Third, the Civil War accelerated a number of economic and technological trends underway. In many ways, it was the culmination of the modernism that began with the French Revolution and steam-powered industrialization: societies were no longer static and cyclical, based on rigid class privileges and incontrovertible limits, but opening up in completely unpredictable ways. America was linking itself with rail roads, enabling commerce to develop but also the use of industrial organization to wage war: it was the first truly modern war, revealing America even then as a great power that would surpass the older colonial powers in Europe. This was, he argues, the pragmatic ideology - with its profound belief in progress and science - that took the place of the ideological absolutism of the 1830s Evangelical movements, particularly once the soldiers realized that God's will did not extend to the battlefield but led instead to unimaginable carnage. Replacing faith alone, the vocabulary of science gained a permanent place in the American political discourse.

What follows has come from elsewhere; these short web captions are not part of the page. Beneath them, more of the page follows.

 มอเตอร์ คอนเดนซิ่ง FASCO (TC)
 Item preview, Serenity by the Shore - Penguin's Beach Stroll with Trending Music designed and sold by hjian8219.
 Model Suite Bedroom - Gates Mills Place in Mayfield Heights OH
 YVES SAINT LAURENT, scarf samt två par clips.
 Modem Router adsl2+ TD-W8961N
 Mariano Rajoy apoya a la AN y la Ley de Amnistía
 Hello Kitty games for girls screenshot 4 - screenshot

Fourth, he believes, the failure of Reconstruction was entirely due to the reprise of power by the same people who held office and property in the South before the Civil War. The principal mechanism to accomplish this was the complete political disenfranchisement of blacks, who had gained some role in Reconstruction. According to Goldfield, there was no northern misrule, no humiliation of whites (beyond losing the war), and no unusual corruption in a very corrupt age. It was less about the rights of whites than about their psychological need to dominate the former slaves, essentially keeping them down with cruelty and violence. The Ku Klux Klan was America's first terrorist organization and was completely effective in its aims.
Fifth, the result was that the South, however exotic and charming it appeared from the outside, remained a backward region for the next century, lacking a competitive labor force due to cheap black labor without protection by law, based on political oppression, and supported by a sense of victimhood and self-righteous religious fervor, psychologically stunted and full of willful delusion. Meanwhile, the North progressed with explosive dynamism, fulfilling its promise to lead the world alongside the European powers. With its ideology of progress and fascination with science, the North developed world-class educational institutions and research universities and served as the base of industrial investment.
My criticisms of the book are few. I still cannot quite get my head around the failure of Reconstruction, however much this book helped to clarify matters such as power relations and the mentality of the South. The last 3rd of the book seemed to wander a bit to me, lacking the tightness of focus of the earlier portions that covered the march to war.
This is very powerful stuff, bound for controversy. Though a Northerner, I grew up with close family in the South, so I have a particular affection for the region as well as some understanding of the underside. In my opinion, much of what Goldfield argues is correct. What is truly great about this book is how Goldfield ties it all together. It is compulsively readable and every page fascinates and stimulates the reader to search for more. This is one of the best history books I have read in years. Recommended with the greatest enthusiasm.